- Variety: Ulmus davidiana var. japonica
- Cultivar: 'Discovery'
- Origin: Canada

= Ulmus davidiana var. japonica 'Discovery' =

Elm cultivar

The Japanese Elm cultivar Ulmus davidiana var. japonica 'Discovery' is a cold-resistant selection from Canada, raised along with 'Freedom' in the 1980s by Dr Wilbert Ronald, of Jeffries Nurseries Ltd. and Rick Durand of Shade Consulting Services, Portage la Prairie, Manitoba.

==Description==
Unlike other Japanese Elms, the growth habit of 'Discovery' is symmetrical, upright, and vase-shaped. The leaves are obovate to oval, and slightly smaller than is typical of the species, their colour dark green turning yellow in autumn.

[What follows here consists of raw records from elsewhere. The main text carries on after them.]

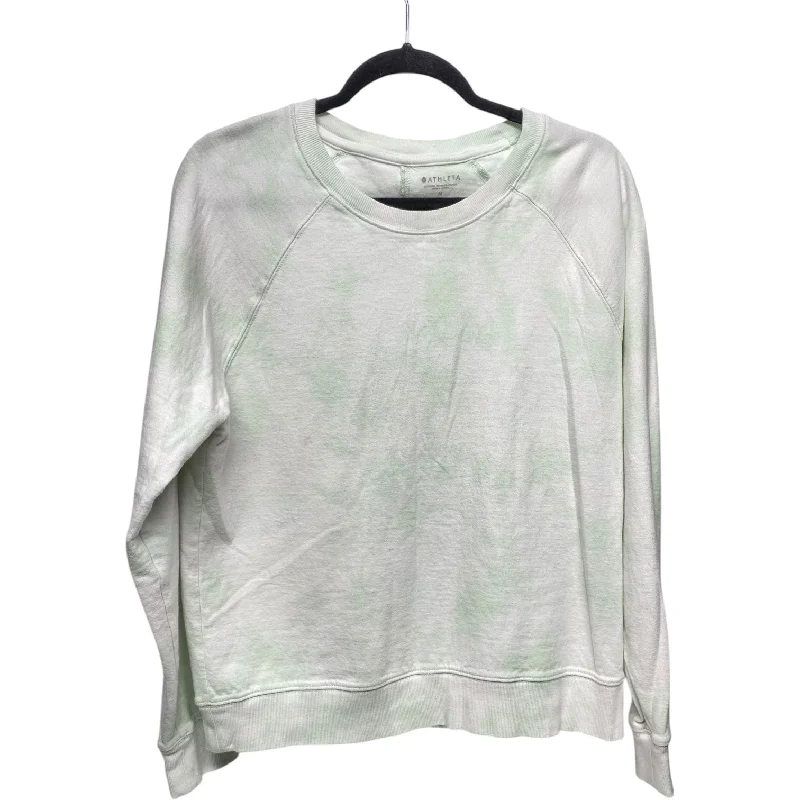 patterned bamboo sweatshirts bold -Sweatshirt Crewneck By Athleta In Green & White, Size: M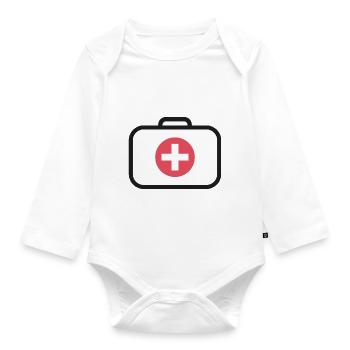 First aid medicine suitcase - Organic Longsleeve Baby Bodysuit - white - Front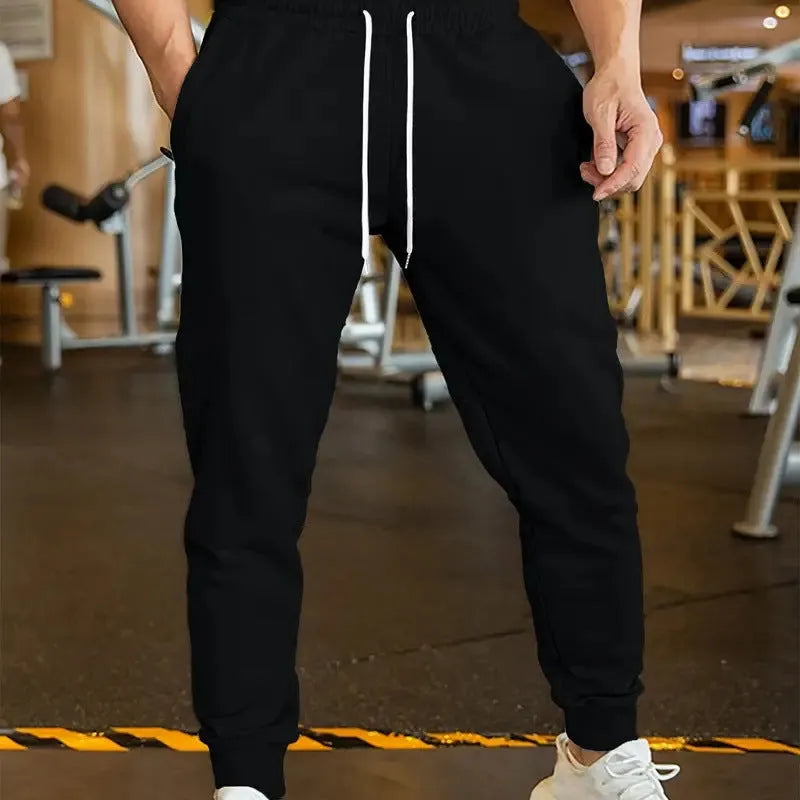 Men's loose-fitting linen-style leisure trousers with elastic drawstring waist in various sizes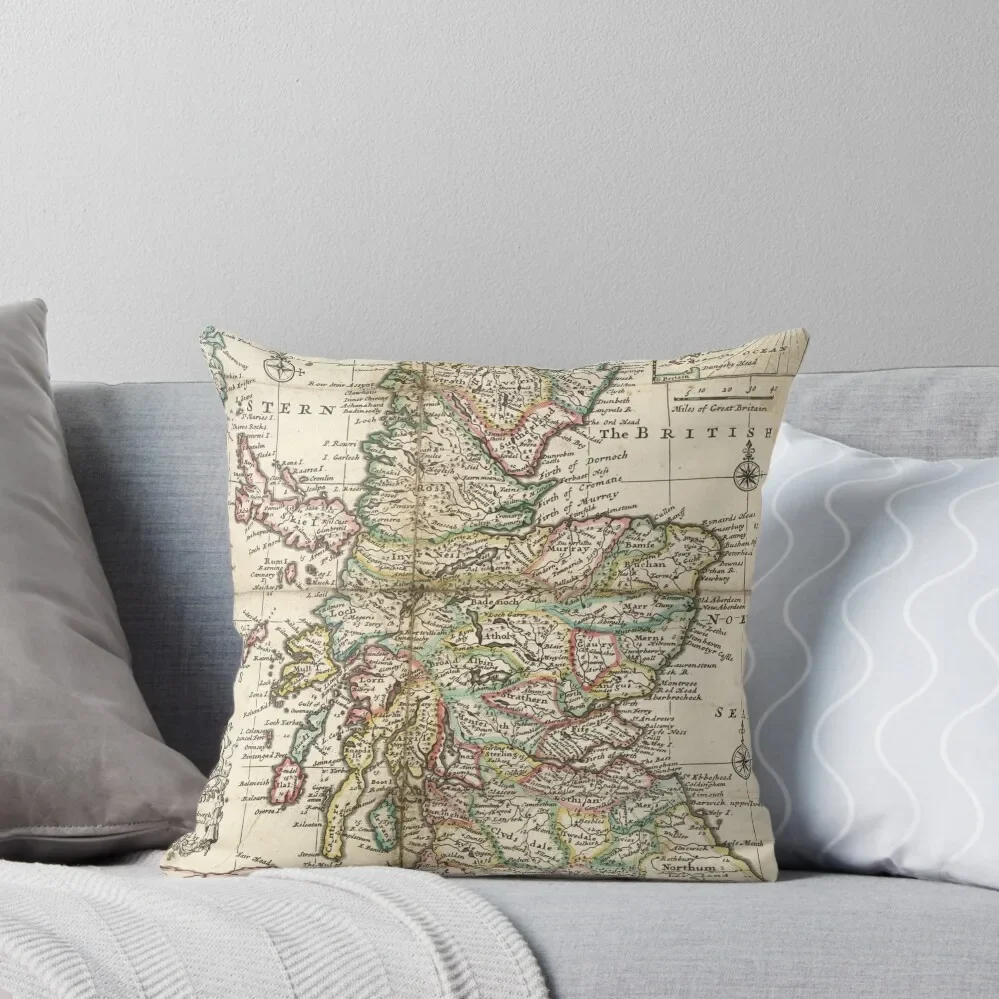 Vintage Map of Scotland (1718) Throw Pillow pillowcases for sofa cushions Cushions For Sofa Pillowcase Pillow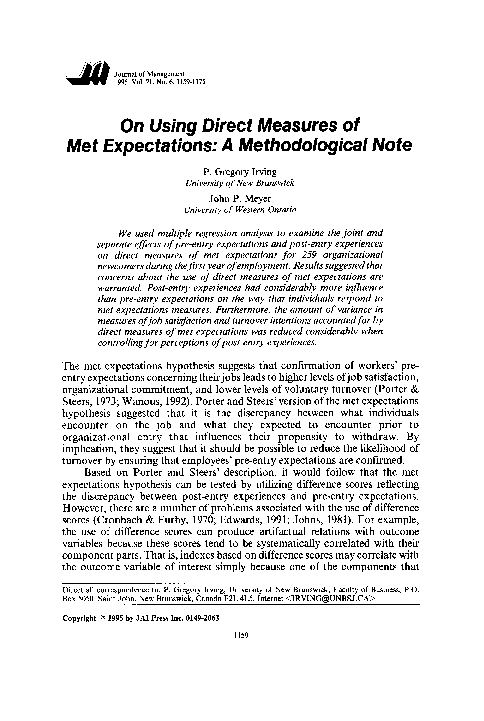 (PDF) On using direct measures of met expectations: A methodological note
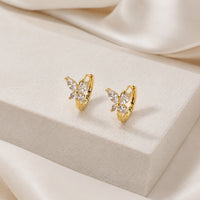 Korean Butterfly Crystal Hoop Earrings | Anti Tarnish Gold Plated Minimalist Jewelry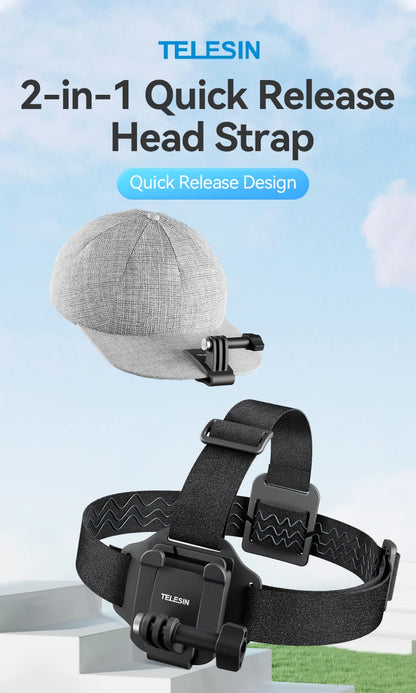 TELESIN 2-in-1 Action Camera Head Strap & Hat Clip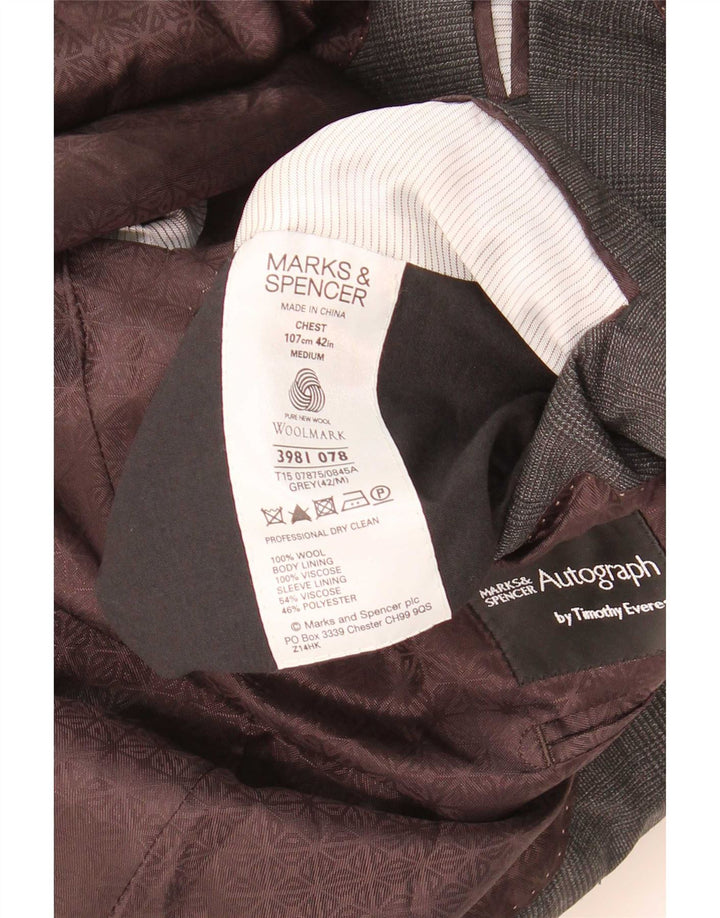 Giacca blazer autografa da uomo Marks & Spencer UK 42 Large Grey Check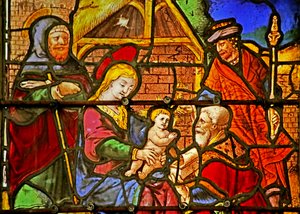 Fenster mit der Geburt Christi und der Anbetung der Hirten (Buntglas) von French School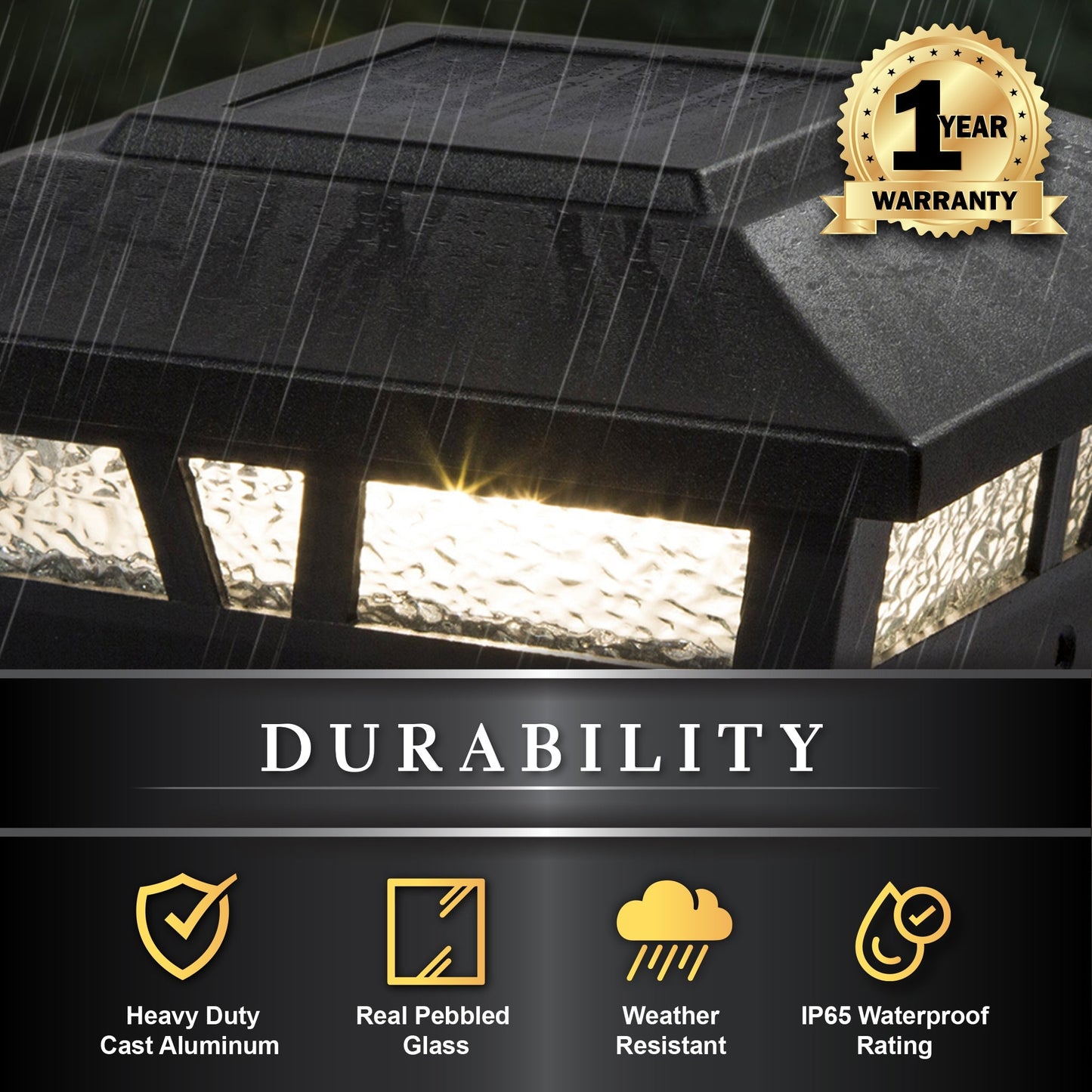 Classy Caps 6-in x 6-in 10-Lumen 0.2-Watt Black Solar LED Outdoor Post Cap Light (2700 K)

The tree grows to over 15 m in height, with a spread of much the same dimension.

==Pests and diseases==
The tree is resistant to Dutch elm disease and elm leaf beetle Xanthogaleruca luteola.

==Cultivation==
'Discovery' performed very poorly in government trials in Alberta, Canada, failing completely at five out of six sites. Moreover, the survivors developed a very poor branching pattern requiring pruning to strengthen crotches. 'Discovery' fared better in trials conducted by the University of Minnesota, which considered it "quite hardy", but the tree was criticized for its comparatively slow growth and need for continued crown thinning when young, the latter factor largely disqualifying it as a street tree. Nonetheless, a number of trees have been established in the Minneapolis Parks system. The species does not sucker from roots.

'Discovery' is not known to have been introduced to Europe or Australasia.

==Accessions==
===North America===
- Brenton Arboretum, Dallas Center, Iowa, US. No details available.
- Smith College, US. Acc. no. 4703.

==Nurseries==

===North America===
- Bailey Nurseries , St. Paul, Minnesota, US.
- Jeffries Nurseries , Portage la Prairie, Manitoba, Canada.
- Johnson's Nursery , Menomonee Falls, Wisconsin, US.
- Lee Nursery Inc. , Fertile, Minnesota, US.
- Linder's Garden Center , St. Paul, Minnesota|St. Paul, Minnesota, US.
- Minnesota Valley Nurseries , Shakopee, Minnesota, US.
- Patmore Nursery , Brandon, Manitoba, US.
- Robinson Nursery Amity, Oregon, US.
- Sun Valley Garden Centre , Eden Prairie, Minnesota, US.